I am an AikiJitsu-Ka. Have been for the past 25+ years. I studied many close quarter styles. I practice and instruct Siljun Dobup (korean version of Iaido) I have embraced the Bujitsu and BushiDo as a way of life.
When people say AikiDo is not effective in the streets they say that they have no idea what AikiDo is about and what it is not and how it is supposed to be studied and practiced.
A true AikiDo-Ka is unbeatable, not because he/she will fight every single person and is better than all and there’s nobody faster, stronger, better. Life on the streets is not about who’s stronger, who’s bigger, who’s faster – because guess what, there is always, always somebody better, bigger, faster, stronger. Life on the streets is about survival and that’s what AikiDo teaches in its essence. To learn, to evolve, to revolve, to observe, to see, to welcome and to let go; not to get tackled, not to be lost, be centered, be peaceful, be honest.
People who say AikiDo is not effective in the streets have no idea what a firefight is about. When ambushed, which technique is the best? When mortar fire is raining which sidearm is the best? When there is a tank in front of you which rifle is the best? When in a narrow alley, which sniper rifle is the best? What is a weapon? What is a tactic? What is a battle? What is war and how do I survive it?
So, there. A true AikiKa knows things that elude most other martial arts practitioners. Not because AikiDo is better or the others are not as good – only because AikiDo approaches from a different angle.
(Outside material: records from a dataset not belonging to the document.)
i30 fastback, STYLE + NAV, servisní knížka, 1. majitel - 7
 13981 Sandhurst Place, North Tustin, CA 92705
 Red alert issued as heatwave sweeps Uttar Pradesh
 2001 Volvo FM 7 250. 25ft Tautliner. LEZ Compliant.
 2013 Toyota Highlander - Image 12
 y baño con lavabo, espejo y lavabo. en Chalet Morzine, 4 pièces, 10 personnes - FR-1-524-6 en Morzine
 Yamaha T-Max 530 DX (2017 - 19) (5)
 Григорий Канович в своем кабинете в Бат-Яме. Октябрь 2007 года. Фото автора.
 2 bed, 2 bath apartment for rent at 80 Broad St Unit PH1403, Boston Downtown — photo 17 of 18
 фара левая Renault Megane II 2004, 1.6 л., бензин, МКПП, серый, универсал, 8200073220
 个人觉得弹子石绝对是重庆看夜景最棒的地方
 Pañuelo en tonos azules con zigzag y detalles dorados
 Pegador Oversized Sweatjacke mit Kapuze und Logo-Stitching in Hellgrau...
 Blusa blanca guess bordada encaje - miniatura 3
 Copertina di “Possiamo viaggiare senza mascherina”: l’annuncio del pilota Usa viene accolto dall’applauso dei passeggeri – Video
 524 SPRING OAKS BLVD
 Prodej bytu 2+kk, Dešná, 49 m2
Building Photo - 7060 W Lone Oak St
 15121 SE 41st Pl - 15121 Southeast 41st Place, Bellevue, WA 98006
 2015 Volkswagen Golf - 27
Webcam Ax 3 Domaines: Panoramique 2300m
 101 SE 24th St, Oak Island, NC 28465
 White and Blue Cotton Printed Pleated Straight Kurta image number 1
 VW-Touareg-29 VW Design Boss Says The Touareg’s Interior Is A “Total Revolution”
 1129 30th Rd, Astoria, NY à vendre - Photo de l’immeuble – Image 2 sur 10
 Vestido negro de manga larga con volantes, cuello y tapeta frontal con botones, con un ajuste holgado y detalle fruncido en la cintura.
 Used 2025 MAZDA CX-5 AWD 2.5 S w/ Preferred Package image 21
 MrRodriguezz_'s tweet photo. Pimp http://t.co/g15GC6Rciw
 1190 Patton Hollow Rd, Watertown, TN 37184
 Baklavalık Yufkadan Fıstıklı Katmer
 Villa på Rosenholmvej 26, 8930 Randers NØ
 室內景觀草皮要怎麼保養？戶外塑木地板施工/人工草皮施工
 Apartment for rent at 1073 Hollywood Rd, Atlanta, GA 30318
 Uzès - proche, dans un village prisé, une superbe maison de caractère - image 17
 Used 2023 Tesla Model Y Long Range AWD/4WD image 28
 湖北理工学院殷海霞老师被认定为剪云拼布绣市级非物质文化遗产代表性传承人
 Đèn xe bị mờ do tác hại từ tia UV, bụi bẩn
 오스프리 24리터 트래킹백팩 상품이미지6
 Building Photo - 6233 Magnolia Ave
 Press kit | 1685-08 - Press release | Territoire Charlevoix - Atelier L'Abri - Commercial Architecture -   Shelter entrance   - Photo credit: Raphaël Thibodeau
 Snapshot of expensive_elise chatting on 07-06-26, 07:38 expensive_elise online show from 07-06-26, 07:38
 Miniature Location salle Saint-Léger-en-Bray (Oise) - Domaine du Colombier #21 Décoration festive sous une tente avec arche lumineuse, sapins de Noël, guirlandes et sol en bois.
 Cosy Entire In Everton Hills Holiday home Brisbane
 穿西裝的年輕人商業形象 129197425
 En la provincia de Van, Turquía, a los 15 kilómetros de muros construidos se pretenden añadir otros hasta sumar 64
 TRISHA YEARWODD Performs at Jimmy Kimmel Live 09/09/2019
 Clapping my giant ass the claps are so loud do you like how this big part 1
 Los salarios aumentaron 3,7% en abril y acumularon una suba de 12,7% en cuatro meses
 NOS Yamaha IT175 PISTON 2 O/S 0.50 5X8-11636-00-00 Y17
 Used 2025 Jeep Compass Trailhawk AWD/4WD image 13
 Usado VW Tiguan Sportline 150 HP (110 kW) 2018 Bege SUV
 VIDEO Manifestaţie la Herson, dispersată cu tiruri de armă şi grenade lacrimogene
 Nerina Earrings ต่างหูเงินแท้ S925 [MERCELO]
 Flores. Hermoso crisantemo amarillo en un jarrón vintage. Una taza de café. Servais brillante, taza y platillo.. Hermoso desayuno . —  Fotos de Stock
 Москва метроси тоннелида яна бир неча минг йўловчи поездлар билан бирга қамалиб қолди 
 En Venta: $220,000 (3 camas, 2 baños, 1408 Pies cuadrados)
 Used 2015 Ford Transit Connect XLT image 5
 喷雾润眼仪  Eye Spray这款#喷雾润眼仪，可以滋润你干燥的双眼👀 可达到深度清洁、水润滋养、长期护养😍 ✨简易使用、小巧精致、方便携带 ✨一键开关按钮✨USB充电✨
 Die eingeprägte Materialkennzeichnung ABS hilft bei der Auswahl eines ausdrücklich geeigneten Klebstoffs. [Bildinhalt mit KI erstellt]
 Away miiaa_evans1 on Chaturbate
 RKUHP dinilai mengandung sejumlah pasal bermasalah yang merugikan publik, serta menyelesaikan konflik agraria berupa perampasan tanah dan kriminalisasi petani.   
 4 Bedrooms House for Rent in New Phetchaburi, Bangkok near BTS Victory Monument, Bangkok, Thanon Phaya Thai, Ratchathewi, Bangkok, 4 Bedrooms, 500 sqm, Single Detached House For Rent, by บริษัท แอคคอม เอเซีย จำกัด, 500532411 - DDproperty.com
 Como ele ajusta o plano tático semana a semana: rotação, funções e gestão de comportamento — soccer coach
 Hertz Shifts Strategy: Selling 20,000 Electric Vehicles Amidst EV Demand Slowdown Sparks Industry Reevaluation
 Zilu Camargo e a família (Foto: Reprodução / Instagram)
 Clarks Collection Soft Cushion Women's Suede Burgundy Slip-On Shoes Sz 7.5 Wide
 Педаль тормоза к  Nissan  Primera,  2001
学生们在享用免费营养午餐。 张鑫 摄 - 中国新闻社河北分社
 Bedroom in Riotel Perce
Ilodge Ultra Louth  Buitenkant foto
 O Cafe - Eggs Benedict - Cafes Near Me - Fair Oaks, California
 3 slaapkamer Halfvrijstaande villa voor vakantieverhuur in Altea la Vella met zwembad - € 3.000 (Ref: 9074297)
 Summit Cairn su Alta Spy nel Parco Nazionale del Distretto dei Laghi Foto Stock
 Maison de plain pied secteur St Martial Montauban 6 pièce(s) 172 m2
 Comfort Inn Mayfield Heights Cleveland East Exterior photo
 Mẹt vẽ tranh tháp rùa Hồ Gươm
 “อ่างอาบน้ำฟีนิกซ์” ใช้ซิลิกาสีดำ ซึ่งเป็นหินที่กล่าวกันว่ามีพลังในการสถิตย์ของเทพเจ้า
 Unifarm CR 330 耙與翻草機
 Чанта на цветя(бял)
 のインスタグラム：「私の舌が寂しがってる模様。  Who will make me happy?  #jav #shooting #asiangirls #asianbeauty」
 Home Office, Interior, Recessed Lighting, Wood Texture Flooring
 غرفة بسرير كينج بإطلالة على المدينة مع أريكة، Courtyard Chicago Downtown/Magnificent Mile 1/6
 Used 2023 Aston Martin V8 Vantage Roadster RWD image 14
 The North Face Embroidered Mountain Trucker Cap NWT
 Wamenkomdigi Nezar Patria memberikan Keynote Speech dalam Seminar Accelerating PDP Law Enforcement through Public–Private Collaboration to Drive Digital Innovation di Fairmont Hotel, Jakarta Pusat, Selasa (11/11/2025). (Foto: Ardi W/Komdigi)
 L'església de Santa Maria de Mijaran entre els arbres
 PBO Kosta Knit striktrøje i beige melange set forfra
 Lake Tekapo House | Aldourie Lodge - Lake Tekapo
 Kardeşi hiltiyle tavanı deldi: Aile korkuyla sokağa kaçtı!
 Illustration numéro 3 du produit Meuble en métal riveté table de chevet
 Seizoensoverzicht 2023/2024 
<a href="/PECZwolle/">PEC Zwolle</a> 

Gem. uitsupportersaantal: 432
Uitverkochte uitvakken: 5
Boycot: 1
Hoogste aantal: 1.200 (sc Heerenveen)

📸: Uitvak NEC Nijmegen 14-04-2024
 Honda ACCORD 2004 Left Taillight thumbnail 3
It is tough to teach and tougher to learn AikiDo, and even tougher to master – but this has nothing to do with the techniques of it. And it sure has nothing to do with the martial side of it.
Remember: the best firefight is the one you were not in; the next better thing is the one you find yourself in and survive; the next better thing is knowing your weapon and being able to use it appropriately in the appropriate setting – the weapon decides the fight you pick; life decides the ambush you find yourself in.
Nobody wins in a fight. The only way to win is to see it coming, steer it away, dissolve it, resolve it, fight if you must – but I say “if I have to fight that means I already lost: I didn’t see it coming, I couldn’t control the situation, I have no idea what the outcome is going to be, if I win it will be because he/she is not better than me and that’s pure lucky draw.” A true victory is awareness and control.
Martial arts gives you options. And don’t forget, not all options fit the situation at hand (remember the weapons and the fights examples) Violence happens to you, you find yourself in it – if you are lucky enough you will have time to react, to adopt and survive. Most won’t.